How do you solve #2cos^2 theta - cos theta -1 = 0#?

2 Answers
Jun 2, 2016

As you can see, this is a quadratic equation in cosine. It can be solved by factoring.

As you probably know, trinomials of the form #y = ax^2 + bx + c, a != 1# can be solved by finding two numbers that multiply to #a xx c# and that add to #b#.

#:.# Two numbers that multiply to #-2# and that add to #-1# are #-2# and #+1#.

#(2cos^2theta - 2costheta) + (costheta - 1) = 0#

Factor out a common factor from both pairs of binomials (encased in the parentheses). Note that when you're fully competent at this task the parentheses are unnecessary. For this case, they were just used to focus your attention.
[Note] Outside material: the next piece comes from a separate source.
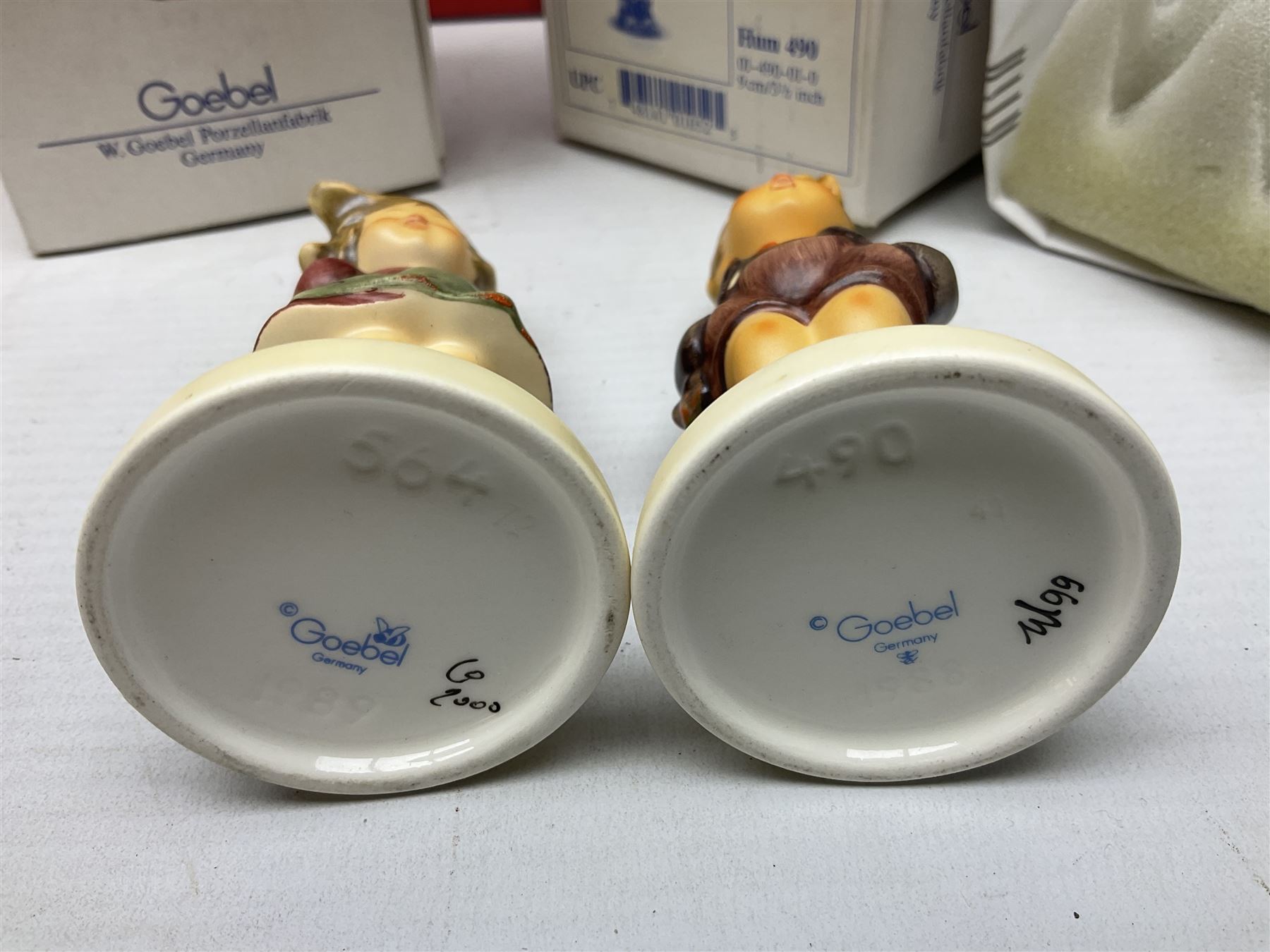 Royal Doulton The Mickey Mouse Collection Pluto figure, Coalport Characters The Snowman Dressing Up figure, three Royal Doulton Bunnykins figures comprising Policeman, Morris Danger and Eskimo, and display stand, Royal Doulton John Beswick Tiggy Winkle, Royal Albert Beatrix Potter Peter Postbag and three Goebel Hummel figures, all boxed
#2costheta(costheta - 1) + 1(costheta - 1) = 0#

#(2costheta + 1)(costheta - 1) = 0#

#costheta = -1/2 and costheta = 1#

By special angles:

#theta = 120˚, 240˚ and 0˚, or (3pi)/2 + 2nπ, (4pi)/3 + 2nπ and 2nπ#, n being an integer.

Hopefully this helps!

Jun 2, 2016

#0, (2pi)/3; (4pi)/3; 2pi#

Explanation:

Solve the quadratic equation for cos t.
#f(t) = 2cos^2 t - cos t - 1 = 0#
Since a + b + c = 0, use shortcut. The 2 real roots are:
cos t = 1 and #cos t = c/a = - 1/2#
Trig table and unit circle -->

a. cos t = 1 --> arc #t = 0# and #t = 2pi.#
b. #cos t = - 1/2#. Two solution arcs:
#t = +- (2pi)/3#
The arc #(-2pi)/3# is co-terminal to arc #(4pi)/3#.
Answers for (0, 2pi):
#0, (2pi)/3, (4pi)/3, 2pi#